Fusión de Mediaset con su matriz
Transaction structure
The proposed transaction consists of the cross-border merger of Mediaset and Mediaset España with and into DutchCo and will be carried out in the context of a single transaction.
As a result of the Merger, DutchCo will be renamed MFE - MEDIAFOREUROPE and MFE will be the parent company of the group acquiring all assets and assuming all liabilities and other legal relationships of Mediaset and Mediaset España, which consequently will cease to exist as standalone entities.
As a consequence of the Merger:
• Each Mediaset shareholder, including the depositary bank under the Mediaset American Depositary Receipts programme, will receive 1 MFE share for each Mediaset share owned.
• Each Mediaset España shareholder (other than Mediaset, as the shares held in Mediaset España will be cancelled by operation of law) will receive 2.33 MFE ordinary shares for each Mediaset España share owned.
The treasury shares held by Mediaset and Mediaset España as of the Merger effective date (which today represent approximately 3.73% and 4.36%, respectively, of the share capital) will not be exchanged and will be cancelled on the effective date of the Merger.
• MFE ordinary shares will be listed on the Mercato Telematico Azionario, organized and managed by Borsa Italiana, and on the Spanish Stock Exchanges, organized and managed by BME (Bolsas y Mercados Españoles, Sociedad Holding de Mercados y Sistemas Financieros, S.A.U.).
• MFE will be tax-resident in Italy.
• The Merger will be preceded by the Preliminary Reorganizations. Upon the completion of the Preliminary Reorganizations all the operating activities will remain in Italy and Spain, respectively, and the Italian and Spanish operating companies will remain tax resident in Italy and Spain, respectively.
• MFE will adopt a loyalty voting structure designed to foster long-term share ownership.
With reference to Mediaset España, in accordance with the best corporate governance practices under Spanish law, the board of directors entrusted the analysis and negotiation of the envisaged transaction to a merger committee composed of three independent members and the only “other external” member of the Mediaset España board of directors. The proprietary and executive directors of Mediaset España have therefore abstained from participating in the whole process.

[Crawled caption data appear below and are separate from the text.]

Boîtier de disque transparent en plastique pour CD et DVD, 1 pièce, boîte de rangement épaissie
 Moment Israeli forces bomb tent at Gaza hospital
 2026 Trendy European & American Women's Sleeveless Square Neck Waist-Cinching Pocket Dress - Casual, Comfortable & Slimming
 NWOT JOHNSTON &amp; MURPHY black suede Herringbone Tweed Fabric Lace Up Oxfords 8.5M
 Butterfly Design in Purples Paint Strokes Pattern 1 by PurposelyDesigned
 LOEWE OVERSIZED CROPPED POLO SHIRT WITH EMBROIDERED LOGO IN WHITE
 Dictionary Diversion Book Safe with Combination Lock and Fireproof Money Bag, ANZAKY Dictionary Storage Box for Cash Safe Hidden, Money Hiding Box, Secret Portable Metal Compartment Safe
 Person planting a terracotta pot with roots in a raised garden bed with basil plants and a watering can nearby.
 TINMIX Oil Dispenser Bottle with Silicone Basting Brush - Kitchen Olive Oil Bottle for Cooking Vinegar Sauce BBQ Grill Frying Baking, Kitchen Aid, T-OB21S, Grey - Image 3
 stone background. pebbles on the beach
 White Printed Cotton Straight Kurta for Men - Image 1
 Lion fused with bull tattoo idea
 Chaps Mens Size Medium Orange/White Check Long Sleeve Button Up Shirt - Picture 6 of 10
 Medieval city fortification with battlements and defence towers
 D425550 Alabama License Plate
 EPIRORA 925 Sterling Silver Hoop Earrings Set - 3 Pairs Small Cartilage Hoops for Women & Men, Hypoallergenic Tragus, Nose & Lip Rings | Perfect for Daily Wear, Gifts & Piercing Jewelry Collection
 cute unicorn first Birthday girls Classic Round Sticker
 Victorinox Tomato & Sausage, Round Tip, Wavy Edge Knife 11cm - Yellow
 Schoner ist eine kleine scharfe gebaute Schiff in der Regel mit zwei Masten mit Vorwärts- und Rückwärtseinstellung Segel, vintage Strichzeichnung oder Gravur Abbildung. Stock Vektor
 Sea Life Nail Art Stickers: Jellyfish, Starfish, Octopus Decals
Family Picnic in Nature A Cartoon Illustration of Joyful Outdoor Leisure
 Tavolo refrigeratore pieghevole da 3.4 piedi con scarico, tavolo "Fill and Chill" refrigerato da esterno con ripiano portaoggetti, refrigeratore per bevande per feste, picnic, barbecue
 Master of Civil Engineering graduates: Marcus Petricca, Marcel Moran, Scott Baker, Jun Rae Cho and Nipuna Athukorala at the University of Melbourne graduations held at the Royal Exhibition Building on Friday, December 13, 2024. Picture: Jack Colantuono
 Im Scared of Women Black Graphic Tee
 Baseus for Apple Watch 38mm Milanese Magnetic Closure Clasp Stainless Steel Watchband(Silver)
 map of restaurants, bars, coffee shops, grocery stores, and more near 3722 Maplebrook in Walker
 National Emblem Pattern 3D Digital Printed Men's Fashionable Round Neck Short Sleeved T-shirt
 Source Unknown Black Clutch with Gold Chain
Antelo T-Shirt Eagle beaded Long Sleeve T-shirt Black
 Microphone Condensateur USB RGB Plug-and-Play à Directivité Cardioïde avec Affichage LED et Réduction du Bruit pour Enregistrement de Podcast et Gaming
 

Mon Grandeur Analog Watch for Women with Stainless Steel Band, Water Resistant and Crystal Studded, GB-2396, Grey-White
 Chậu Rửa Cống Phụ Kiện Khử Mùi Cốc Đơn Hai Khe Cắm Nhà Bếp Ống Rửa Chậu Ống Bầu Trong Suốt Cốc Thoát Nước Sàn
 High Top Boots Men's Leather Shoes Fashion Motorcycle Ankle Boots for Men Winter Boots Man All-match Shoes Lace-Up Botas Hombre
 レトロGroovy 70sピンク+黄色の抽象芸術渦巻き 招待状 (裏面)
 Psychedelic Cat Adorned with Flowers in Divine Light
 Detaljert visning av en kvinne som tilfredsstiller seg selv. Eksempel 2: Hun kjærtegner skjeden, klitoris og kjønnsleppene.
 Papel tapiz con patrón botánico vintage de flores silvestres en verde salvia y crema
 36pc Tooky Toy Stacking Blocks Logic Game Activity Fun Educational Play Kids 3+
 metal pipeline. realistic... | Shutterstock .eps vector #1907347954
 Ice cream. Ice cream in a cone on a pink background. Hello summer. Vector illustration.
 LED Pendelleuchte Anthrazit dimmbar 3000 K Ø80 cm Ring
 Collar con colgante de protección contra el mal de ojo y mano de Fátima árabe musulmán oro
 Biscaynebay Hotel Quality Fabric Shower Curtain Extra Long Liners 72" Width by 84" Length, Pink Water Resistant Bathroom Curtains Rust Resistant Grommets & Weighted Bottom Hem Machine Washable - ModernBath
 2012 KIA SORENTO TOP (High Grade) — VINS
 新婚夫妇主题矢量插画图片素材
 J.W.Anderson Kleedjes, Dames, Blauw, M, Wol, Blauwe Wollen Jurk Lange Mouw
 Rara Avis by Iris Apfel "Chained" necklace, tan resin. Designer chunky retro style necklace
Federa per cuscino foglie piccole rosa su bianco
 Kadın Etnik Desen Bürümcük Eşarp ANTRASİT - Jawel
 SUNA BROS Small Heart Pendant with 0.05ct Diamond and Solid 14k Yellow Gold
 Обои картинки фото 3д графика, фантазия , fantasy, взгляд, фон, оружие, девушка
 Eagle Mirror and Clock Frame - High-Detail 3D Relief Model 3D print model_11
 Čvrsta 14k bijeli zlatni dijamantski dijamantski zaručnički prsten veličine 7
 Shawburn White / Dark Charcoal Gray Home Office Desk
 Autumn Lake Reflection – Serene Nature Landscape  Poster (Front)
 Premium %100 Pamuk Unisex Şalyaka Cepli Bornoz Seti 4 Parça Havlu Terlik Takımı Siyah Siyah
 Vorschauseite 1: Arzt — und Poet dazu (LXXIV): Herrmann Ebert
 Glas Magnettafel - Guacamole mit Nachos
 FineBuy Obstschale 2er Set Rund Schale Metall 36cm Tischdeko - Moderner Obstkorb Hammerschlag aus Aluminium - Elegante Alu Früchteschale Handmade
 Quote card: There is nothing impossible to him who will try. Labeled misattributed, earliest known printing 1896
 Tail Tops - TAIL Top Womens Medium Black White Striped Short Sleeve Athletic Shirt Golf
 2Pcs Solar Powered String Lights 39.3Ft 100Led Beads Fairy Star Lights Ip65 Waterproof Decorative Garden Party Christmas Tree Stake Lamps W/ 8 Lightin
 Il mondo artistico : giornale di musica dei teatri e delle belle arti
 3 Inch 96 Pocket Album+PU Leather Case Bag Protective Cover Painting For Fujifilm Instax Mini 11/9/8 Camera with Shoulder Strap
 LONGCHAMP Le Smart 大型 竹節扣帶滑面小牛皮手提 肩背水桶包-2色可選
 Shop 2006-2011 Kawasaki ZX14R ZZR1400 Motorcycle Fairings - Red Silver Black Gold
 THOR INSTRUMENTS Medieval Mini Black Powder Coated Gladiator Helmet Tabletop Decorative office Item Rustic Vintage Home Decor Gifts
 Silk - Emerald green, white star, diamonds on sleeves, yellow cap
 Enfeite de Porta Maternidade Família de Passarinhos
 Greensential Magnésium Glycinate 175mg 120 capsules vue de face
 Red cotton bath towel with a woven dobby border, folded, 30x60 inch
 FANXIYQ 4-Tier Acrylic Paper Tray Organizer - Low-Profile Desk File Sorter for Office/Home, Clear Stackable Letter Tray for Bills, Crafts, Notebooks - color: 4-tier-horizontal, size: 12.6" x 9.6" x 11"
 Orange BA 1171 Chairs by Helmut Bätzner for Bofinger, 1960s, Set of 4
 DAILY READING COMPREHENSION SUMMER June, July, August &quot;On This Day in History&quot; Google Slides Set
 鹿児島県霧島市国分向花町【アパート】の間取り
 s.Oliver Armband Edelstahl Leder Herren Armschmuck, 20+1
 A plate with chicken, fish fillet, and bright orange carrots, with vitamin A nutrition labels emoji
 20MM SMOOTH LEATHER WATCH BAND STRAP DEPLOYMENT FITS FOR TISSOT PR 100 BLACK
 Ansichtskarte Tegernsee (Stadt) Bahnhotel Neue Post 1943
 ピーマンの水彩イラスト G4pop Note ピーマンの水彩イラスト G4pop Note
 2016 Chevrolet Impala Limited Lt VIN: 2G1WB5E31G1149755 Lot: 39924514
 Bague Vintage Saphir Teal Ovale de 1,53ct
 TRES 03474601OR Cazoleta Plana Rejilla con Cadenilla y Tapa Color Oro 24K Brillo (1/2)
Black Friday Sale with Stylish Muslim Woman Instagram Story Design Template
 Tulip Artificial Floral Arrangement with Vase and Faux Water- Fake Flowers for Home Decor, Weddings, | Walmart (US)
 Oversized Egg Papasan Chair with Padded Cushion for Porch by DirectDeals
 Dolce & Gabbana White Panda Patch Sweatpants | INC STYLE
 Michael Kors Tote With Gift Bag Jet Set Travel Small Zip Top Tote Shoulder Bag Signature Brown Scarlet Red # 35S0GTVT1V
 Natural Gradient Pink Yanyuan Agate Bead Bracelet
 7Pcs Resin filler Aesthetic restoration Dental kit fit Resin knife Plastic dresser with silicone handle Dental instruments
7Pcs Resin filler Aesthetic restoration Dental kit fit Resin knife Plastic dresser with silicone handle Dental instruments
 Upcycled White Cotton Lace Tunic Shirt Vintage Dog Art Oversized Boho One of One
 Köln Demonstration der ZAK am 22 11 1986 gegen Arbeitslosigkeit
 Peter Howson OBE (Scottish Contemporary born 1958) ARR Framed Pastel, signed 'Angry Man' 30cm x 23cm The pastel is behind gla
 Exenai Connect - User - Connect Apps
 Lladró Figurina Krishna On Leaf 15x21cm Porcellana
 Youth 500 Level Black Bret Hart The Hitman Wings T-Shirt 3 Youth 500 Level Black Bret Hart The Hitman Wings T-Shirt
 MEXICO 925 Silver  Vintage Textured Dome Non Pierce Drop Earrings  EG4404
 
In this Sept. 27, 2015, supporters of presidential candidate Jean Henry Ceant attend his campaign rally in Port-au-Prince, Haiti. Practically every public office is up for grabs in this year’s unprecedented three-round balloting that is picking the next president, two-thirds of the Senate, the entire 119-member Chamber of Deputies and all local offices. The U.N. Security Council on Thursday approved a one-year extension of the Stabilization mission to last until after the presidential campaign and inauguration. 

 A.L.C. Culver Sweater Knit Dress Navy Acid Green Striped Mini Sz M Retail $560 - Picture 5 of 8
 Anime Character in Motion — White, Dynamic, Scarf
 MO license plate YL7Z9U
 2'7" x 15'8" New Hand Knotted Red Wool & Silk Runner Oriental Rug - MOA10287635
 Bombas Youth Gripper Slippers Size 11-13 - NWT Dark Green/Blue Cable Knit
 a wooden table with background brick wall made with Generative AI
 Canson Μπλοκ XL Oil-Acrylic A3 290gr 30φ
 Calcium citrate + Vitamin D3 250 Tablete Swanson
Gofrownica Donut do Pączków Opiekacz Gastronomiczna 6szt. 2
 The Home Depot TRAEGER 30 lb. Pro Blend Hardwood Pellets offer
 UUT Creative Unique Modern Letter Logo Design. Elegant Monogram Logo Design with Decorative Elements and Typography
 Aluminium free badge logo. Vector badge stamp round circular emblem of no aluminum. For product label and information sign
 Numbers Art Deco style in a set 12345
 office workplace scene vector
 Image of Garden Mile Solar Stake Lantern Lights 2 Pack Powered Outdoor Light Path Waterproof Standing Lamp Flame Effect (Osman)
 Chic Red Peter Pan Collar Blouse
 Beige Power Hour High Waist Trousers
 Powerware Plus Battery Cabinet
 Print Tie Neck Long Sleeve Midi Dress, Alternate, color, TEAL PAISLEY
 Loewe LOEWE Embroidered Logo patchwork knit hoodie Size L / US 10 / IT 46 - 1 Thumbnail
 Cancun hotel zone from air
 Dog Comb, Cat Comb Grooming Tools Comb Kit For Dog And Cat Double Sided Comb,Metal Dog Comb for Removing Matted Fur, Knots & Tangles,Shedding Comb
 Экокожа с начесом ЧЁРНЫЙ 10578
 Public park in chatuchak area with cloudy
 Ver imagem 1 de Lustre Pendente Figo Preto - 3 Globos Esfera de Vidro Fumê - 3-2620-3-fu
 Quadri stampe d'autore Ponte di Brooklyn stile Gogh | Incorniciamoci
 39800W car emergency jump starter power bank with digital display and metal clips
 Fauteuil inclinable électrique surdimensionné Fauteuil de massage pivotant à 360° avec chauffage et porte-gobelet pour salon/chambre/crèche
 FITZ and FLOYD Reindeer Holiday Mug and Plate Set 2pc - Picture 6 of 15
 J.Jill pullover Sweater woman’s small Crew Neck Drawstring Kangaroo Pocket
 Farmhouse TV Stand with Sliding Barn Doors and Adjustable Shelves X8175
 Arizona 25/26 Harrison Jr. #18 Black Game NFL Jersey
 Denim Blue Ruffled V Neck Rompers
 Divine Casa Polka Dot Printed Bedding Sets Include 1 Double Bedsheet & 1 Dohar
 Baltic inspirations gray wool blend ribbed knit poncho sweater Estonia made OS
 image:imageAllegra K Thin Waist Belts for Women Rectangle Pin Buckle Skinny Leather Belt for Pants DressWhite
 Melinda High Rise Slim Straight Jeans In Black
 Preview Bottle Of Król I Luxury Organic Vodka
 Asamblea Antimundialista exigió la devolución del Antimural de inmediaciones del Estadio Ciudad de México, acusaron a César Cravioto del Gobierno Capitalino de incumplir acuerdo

Conditions Precedent to the Merger
The Merger will be subject to the approval of the shareholders of each of Mediaset and Mediaset España and the satisfaction of a limited number of conditions precedent, including:
(i) the amount of cash, if any, to be paid by Mediaset and by Mediaset España to, respectively, Mediaset and Mediaset España shareholders exercising withdrawal rights and/or to creditors of Mediaset and Mediaset España exercising their creditor opposition rights, shall not exceed in the aggregate Euro 180 million (Cap Amount), in line with similar previous transactions;
(ii) the relevant regulatory approvals shall have been obtained and
(iii) the MFE – MEDIAFOREUROPE shares, which are to be issued and allotted to Mediaset and Mediaset España shareholders upon effectiveness of the Merger, shall have been admitted to listing on the Mercato Telematico Azionario.
The admission will also be conditional upon obtaining of the necessary authorizations by the AFM and/or other competent authorities.
The completion of the Merger shall take place only once all conditions precedent to the Merger are satisfied (or waived, as the case may be) and all pre-merger formalities are completed. Additional Transaction features Upon completion of the Merger, MFE plans to distribute to all shareholders dividends in a total amount of Euro 100 million. In addition, after the completion of the Merger, MFE plans to launch a buy-back program for a maximum aggregate amount of Euro 280 million (less the aggregate amount necessary to purchase the withdrawn shares, if any).
MFE will buy back shares up to a maximum price per share of Euro 3.4. In the context of the Transaction, Mediaset España hereby announces the discontinuation on 5 June 2019 of the share buy-back program disclosed by it on 24 January 2019. In line with the current dividend policy, the following factors will be taken into consideration in connection with MFE’s future dividend policy: group profits, free cash flow generation, any financial or other economic commitments and potential strategic investments.
Unless contingent circumstances (including the above) suggest adopting a different policy, the remuneration of the shareholders, through ordinary dividends or other technical forms, will not be lower than 50% of the net consolidated profits in any year.